Родители по-прежнему хозяйствовали, выкручивались из долгов... Это были последние дни моего пребывания на Родине. Кончался 37-й год, с полей тянуло холодным ветром, и закаты стали кровавыми, вечерами, ночами стояли зарева пожаров, частых, как на беду. Еще раз вызывали папу относительно выписки бел<орусских> газет, пригрозили штрафом (например, за собак и т. п.) и неприятностями, а папа уже привык к ним... Я немного писала, стихов своих по- прежнему никуда не посылала, иногда — мужу.

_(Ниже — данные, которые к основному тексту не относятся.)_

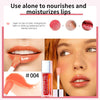 Plumping Lip Oil, Moisturizing Lip Oil Gloss Transparent Plumping Lip Gloss, Big Brush Head Glitter Shine, Long Lasting Nourishing Non-sticky Fresh Texture, Lip Oil Tinted for Lip Care and Dry Lips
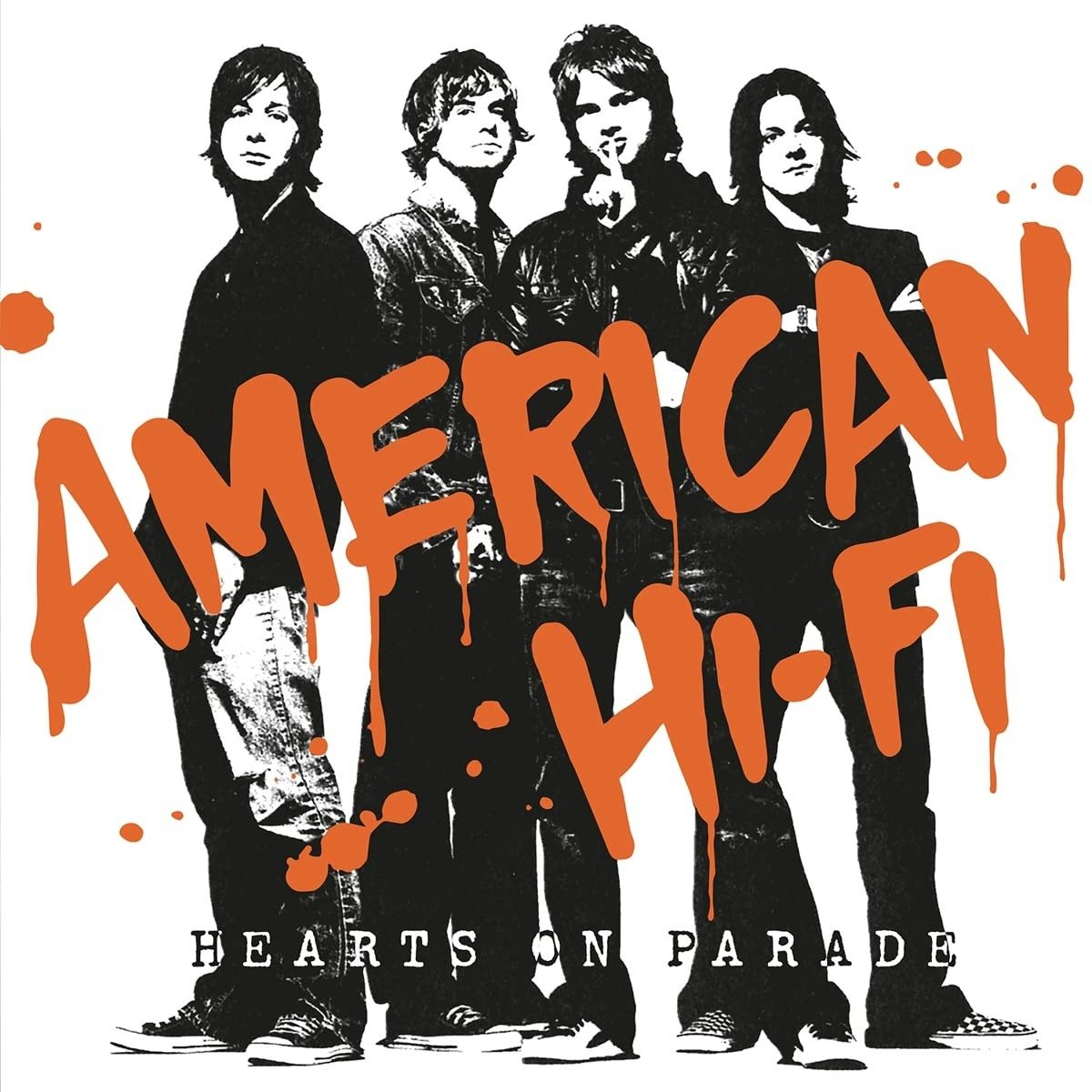 CD Shop - AMERICAN HI-FI HEARTS ON PARADE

...А народ стонал. Поляки еще имели наглость упрекать нас в том, что мы их не любим, неблагодарны им за цепи... А протест против них нарастал. Я молчала, но все это оседало на сердце жаждой сражения за лучший мир. Однажды в сумерки я держала Юрочку на руках, было очень тихо, в доме никого, я думала о судьбе нашего народа и вдруг почувствовала уверенность, такой прилив сил, что все стало мне нестрашным и я не боялась за свое будущее. Крепко прижала к себе ребенка и даже замерла от счастья. С той поры я шла вперед уверенно и не поступаясь своей совестью. В Зельве поразила меня жена тогдашнего войта, меж<ду> пр<очим> белоруса, посоветовав,, чтобы я, когда снова поеду в старостат за разрешением, говорила, что моя народность польская. Я скоро туда поехала и сказала им, что я Белоруска, чтобы знали, что Белоруска и никогда своей народности не изменю, и теперь знаю, ?то только поэтому меня не пускают к мужу! Они смутились и сказали, что с тех пор, как я подала бумаги на выезд, они уже пустили за границу 300 евреев и что дело не в этом... Через некоторое время мне действительно дали разрешение. Я поехала проститься с родителями. Все были рады, что мы едем, а я так плакала, так плакала, как никогда. Мне так тяжело было их всех оставлять. Это опять я своими нервами, своими обостренными чувствами предвидела всю трагедию, которая ожидала мою семью. Горячо простилась с отцом мужа, взяла сына, немного постельного белья, образ, которым меня благословили, чемодан и поехала. До Волковыска провожали меня мама и Люсенька. Мама очень любила Юру, когда я от них уезжала, мама схватила его и унесла в поле, чтобы никто не видел ее боли и слез по любимому внуку. Вот и теперь ей было трудно оторвать мальчика от груди. Я еще купила Люсеньке маленькие подарочки, расцеловала маму, ее глаза и руки и вскочила в поезд. Мама покачнулась, ее поддержали, поезд тронулся.
ПРАГА
В Варшаве встретили меня знакомые и назавтра посадили в пражский поезд. Немодно одетая, худая и грустная, я держала на коленях прелестного мальчика, толстенького и краснощекого. Люди в купе угощали его, кто чем был богат, а он щебетал по-белорусски.
Прошли мы польский контроль, они были неприветливы. И вот приходят почти такие же, но сердечно здороваются с нами, смеются, и я удивляюсь. Оказалось, что это уже чехи, хоть и говорили по-польски. Вокруг меня собрались люди, кто-то взял Юру на руки и сказал, что он его папа. Мальчик заспорил, но своего папу он узнал сразу, обнял его за шею, и так мы пошли к такси.
Два года проложили какую-то трещину в наших отношениях, и это чувствовалось. Муж жил на квартире,, с каким-то студентом снимал комнату. Мы приехали в последние дни 37-го года, доллега мужа поехал к своим родителям. Пару недель мы пожили вместе, а потом муж отвез меня и своего чересчур любопытного мальчика, успевшего уже поломать ему стрелки на часах (почему же они крутились?) в Моджаны. Это был пригород Праги, там жили дядька Василь Захарка, у которого, недавно умерла его дорогая жена, и пани Мария Кречевская. Вот там он нас и оставил. Сам он жил и работал в Праге, к нам иногда приезжал, на воскресенье обязательно.